Mercury Class went on the first of two visits to the Discovery Museum to visit the Destination Tyneside exhibition in the gallery. The children have been working on this project for a few weeks before visiting and have had some time to understand the concept of migration before they went on their visit.
The collection tells the story about the people who have come to the region over the last 200 years to make a better life for themselves, or to flee persecution from countries around the world.
By 1911 one third of the population of Tyneside were migrants or children of migrants. Jobs in coal mining, shipbuilding and heavy engineering meant that the North East became a major centre of migration as people travelled from all over in search of a better way of life.
The story does not end there and recently the area has once again experienced a growth in people moving to the area. Destination Tyneside, reveals the fascinating stories of ordinary people who have chosen to make Tyneside their home.
Research into real life people revealed some powerful stories that now feature in the gallery.

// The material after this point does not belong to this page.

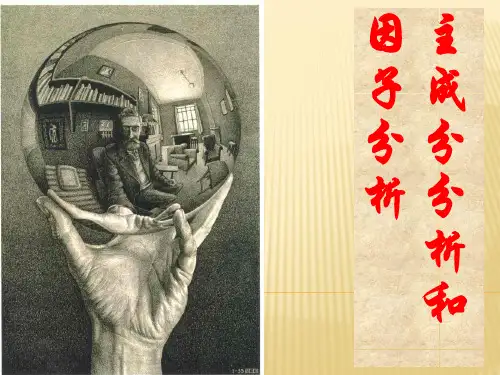 运用spss做因子分析与主成分分析(1)讲解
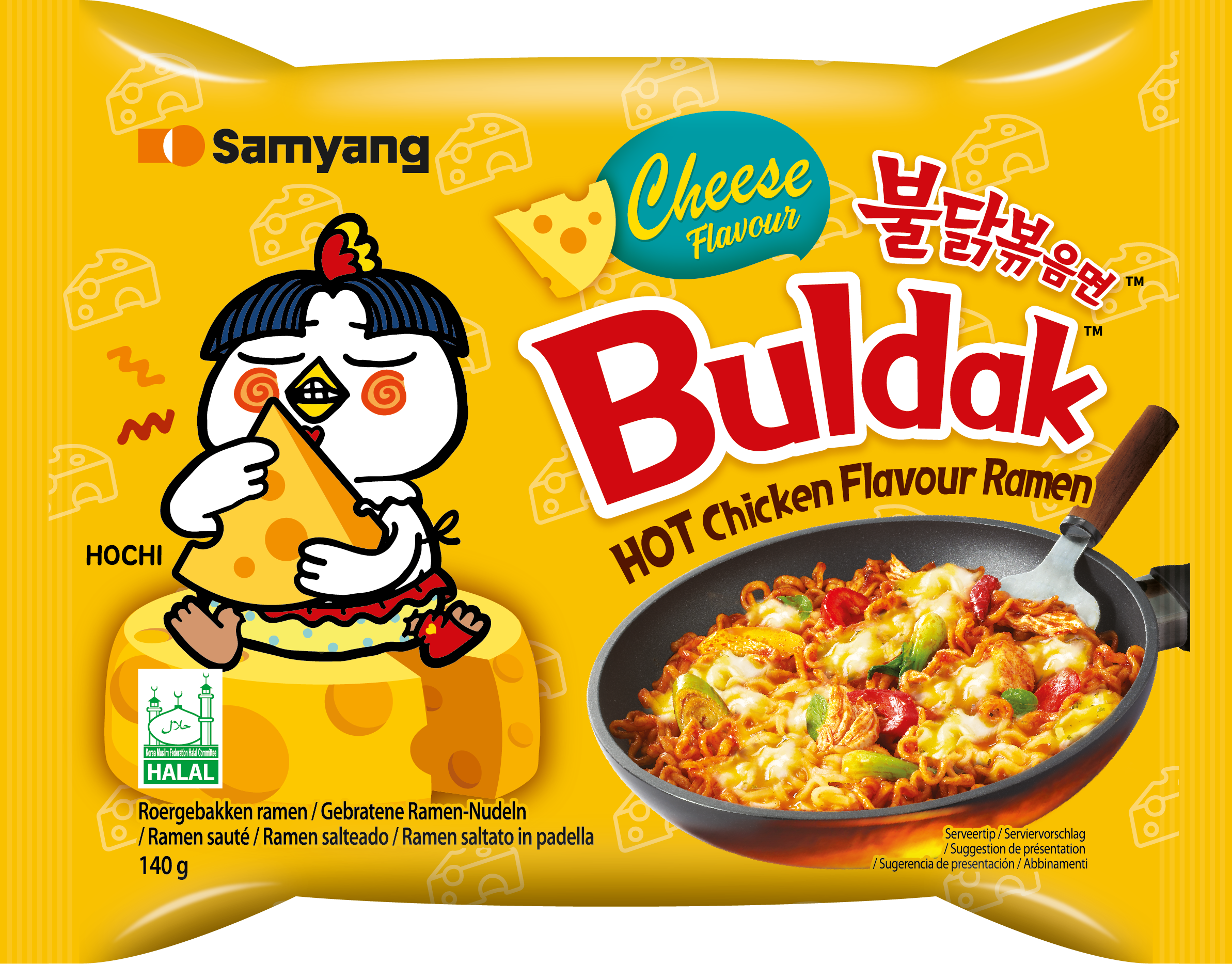HOT CHICKEN RAMEN CHEESE FLAVOR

Visitors have the opportunity to follow six historic characters from their decision to leave their homeland, though the migration journey to their life on Tyneside.
These stories were chosen on the basis that they represent the largest, and most significant, immigrant groups at that time.
Ann moved to Tyneside from County Tyrone, Ireland in 1866 aged nine. She settled in Hebburn and married Irishman John Montgomery, also from Tyrone, in 1875.
Lena moved to Tyneside to escape the persecution of Jewish people in Poland. She arrived with her husband Lewis in 1874 aged 17.They settled in Newcastle and remained here for the rest of their lives.
Thomas moved to Tyneside from Ireland in 1874 with his wife Maria and their son Patrick. They settled in Jarrow where he, like many Irishmen, gained employment in the chemical works.
Jack moved to Tyneside from Cumbria with his family in 1890. They settled in Boldon where he became a miner. Later he became involved in politics.
Angela moved to Tyneside from Italy in 1904 with her husband Antonio and their daughter Anita. They started an ice cream business, Mark Toney, in Newcastle which continues to this day.
Ali arrived in Tyneside in around 1898 after getting work as a fireman on a merchant ship from Yemen. He settled in South Shields and became the first Yemeni boarding house owner. He was deported in the 1930s.
The whole concept of migration and the lives of these 6 families came to life with interactive living history displays.
Firstly the children saw their characters arrive.
Then children watched films about each of the characters years after they arrived and found out what had become of them while living on Tyneside.
The children had fun dressing up and acting out the characters they were researching during their visit.
The children traced the geographical spread of their surname on touch screen tables, finding out where people of their surname were most commonly found in Britain in 1881 compared to 1998.
They discovered that they only needed to go back three generations in their family tree to find a migrating ancestor. Tracing their surname encouraged the children who may consider themselves Geordies through and through to rethink their personal history.
This part of the exhibition send out a strong signal about life in the North East, fostering a sense of belonging and presenting an historical perspective on migration which helps to promote tolerance.
The children had a really lovely day, learned a lot and can’t wait to visit again when they will be invited to taste some of that famous Mark Toney ice cream.